WHAT YOU NEED TO DO =
Below this line are records; write out exactly the lines from the one containing "Künstler Litho Bohrdt, Hans, Dampfschiff" through the one containing "Vabches End Table", with the pictures left out.

DATASET EXCERPTS =
*** Begin section ***

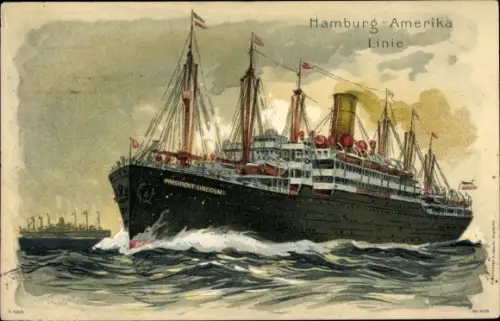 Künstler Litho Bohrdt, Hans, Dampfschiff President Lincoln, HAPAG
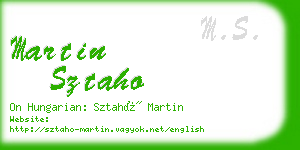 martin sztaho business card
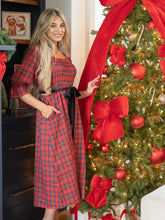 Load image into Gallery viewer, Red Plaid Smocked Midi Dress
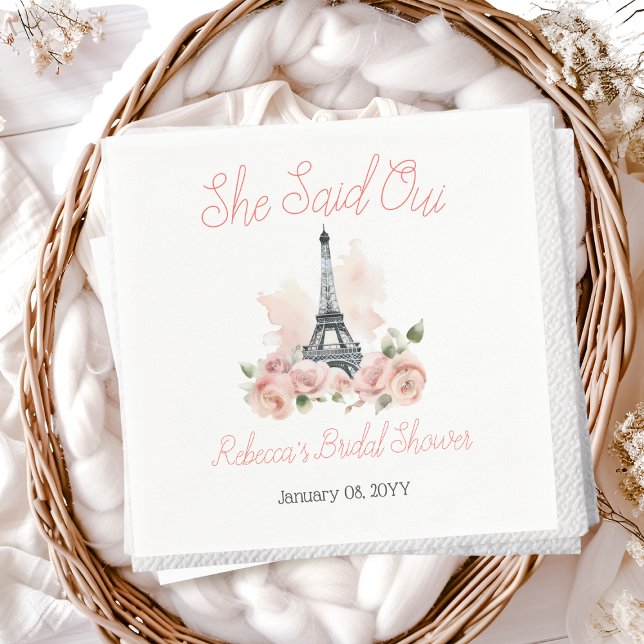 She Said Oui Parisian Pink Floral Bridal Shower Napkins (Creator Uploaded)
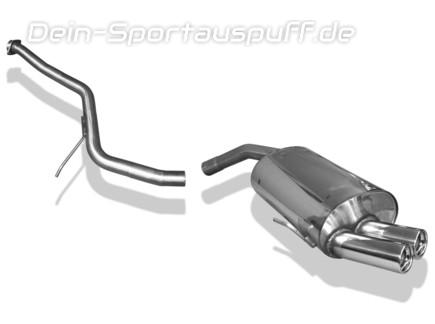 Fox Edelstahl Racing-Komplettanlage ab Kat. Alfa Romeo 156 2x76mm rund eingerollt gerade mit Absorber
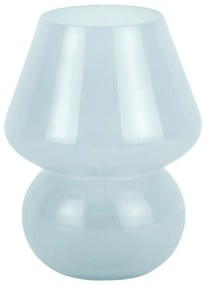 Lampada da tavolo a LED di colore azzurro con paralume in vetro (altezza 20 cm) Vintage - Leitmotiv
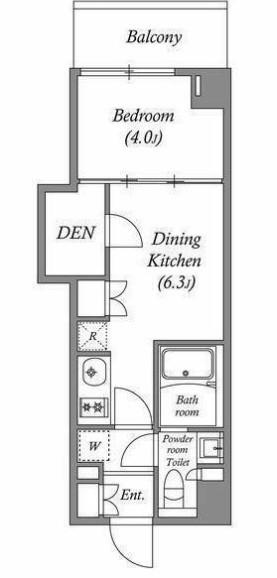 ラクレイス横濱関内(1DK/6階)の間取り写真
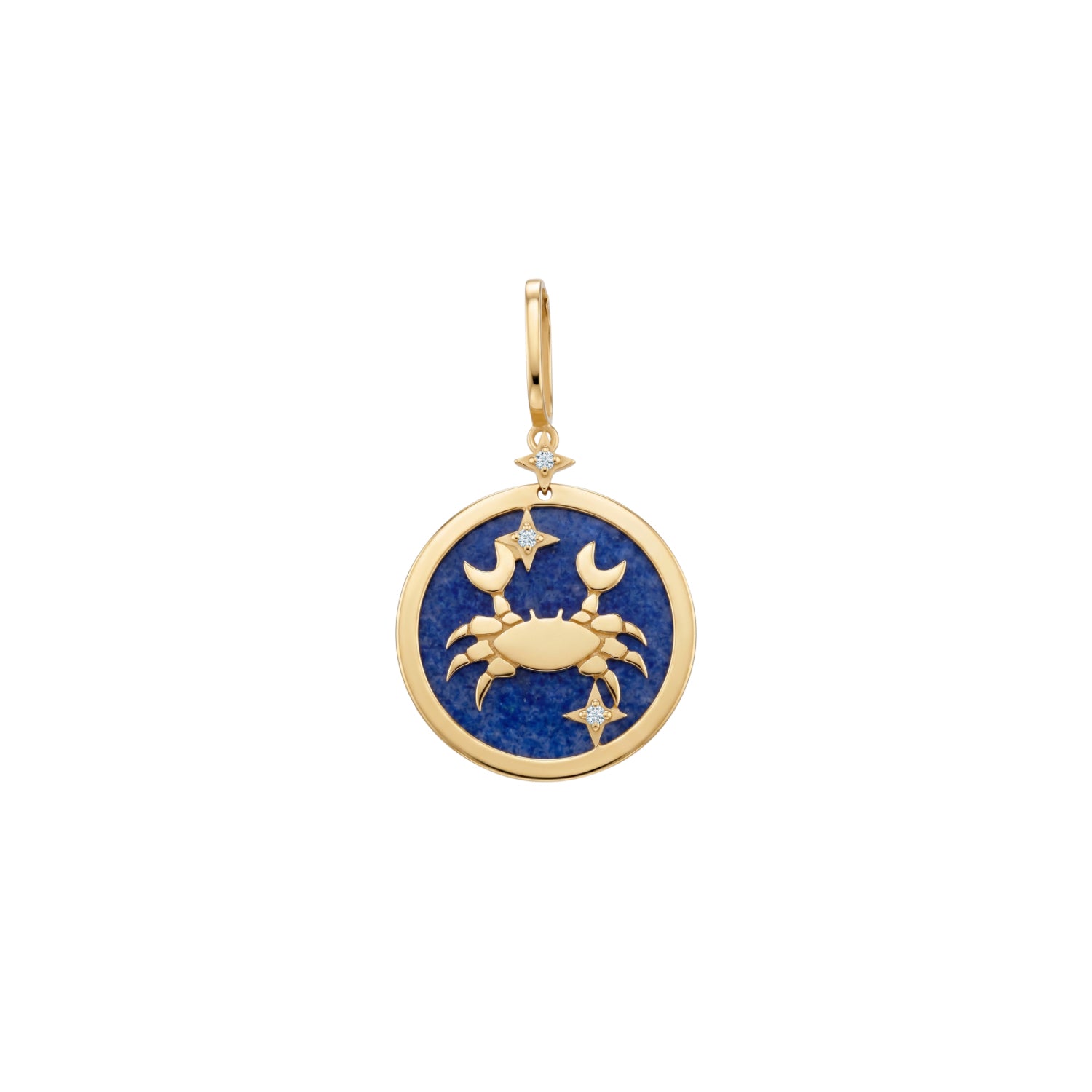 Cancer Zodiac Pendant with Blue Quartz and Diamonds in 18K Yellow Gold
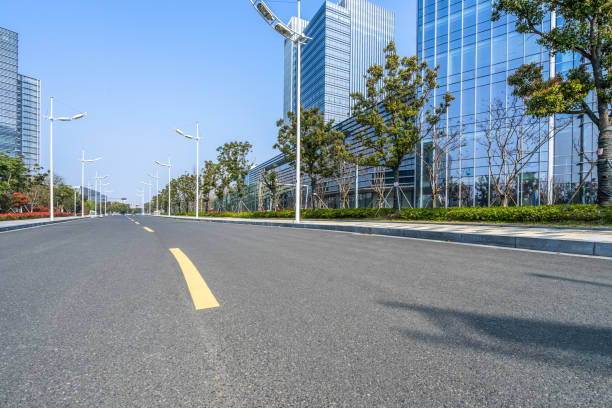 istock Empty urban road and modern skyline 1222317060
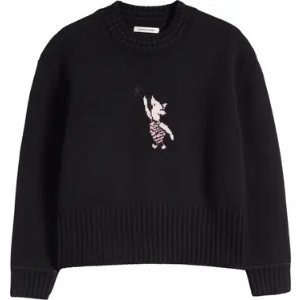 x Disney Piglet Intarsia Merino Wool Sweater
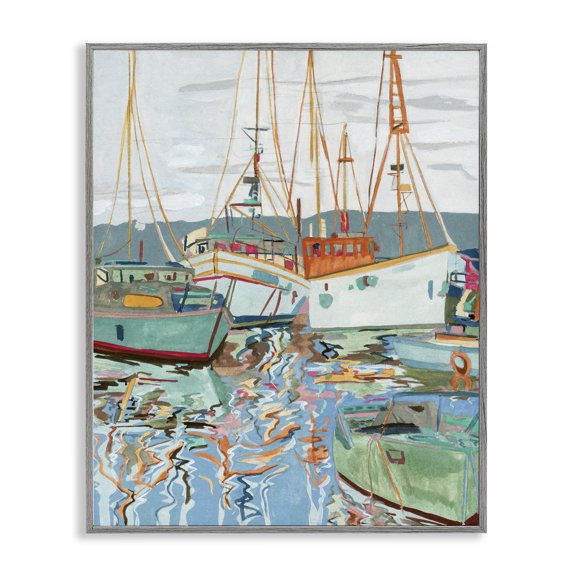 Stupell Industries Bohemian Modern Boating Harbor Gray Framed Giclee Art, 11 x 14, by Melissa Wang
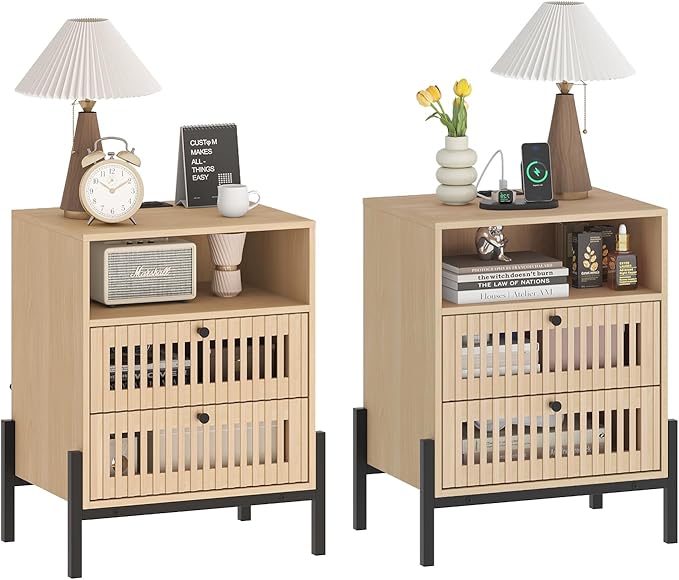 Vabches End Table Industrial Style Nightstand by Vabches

*** End section ***
*** Begin section ***

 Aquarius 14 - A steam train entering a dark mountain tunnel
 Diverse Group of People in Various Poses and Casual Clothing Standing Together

*** End section ***

ANSWER TO THE EXERCISE =
 Künstler Litho Bohrdt, Hans, Dampfschiff President Lincoln, HAPAG
 martin sztaho business card
 Load image into Gallery viewer, Red Plaid Smocked Midi Dress
 She Said Oui Parisian Pink Floral Bridal Shower Napkins (Creator Uploaded)
 Fox Edelstahl Racing-Komplettanlage ab Kat. Alfa Romeo 156 2x76mm rund eingerollt gerade mit Absorber
 Lampada da tavolo a LED di colore azzurro con paralume in vetro (altezza 20 cm) Vintage - Leitmotiv
 ラクレイス横濱関内(1DK/6階)の間取り写真
 Cancer Zodiac Pendant with Blue Quartz and Diamonds in 18K Yellow Gold
 istock Empty urban road and modern skyline 1222317060
 x Disney Piglet Intarsia Merino Wool Sweater
 Stupell Industries Bohemian Modern Boating Harbor Gray Framed Giclee Art, 11 x 14, by Melissa Wang
 Vabches End Table Industrial Style Nightstand by Vabches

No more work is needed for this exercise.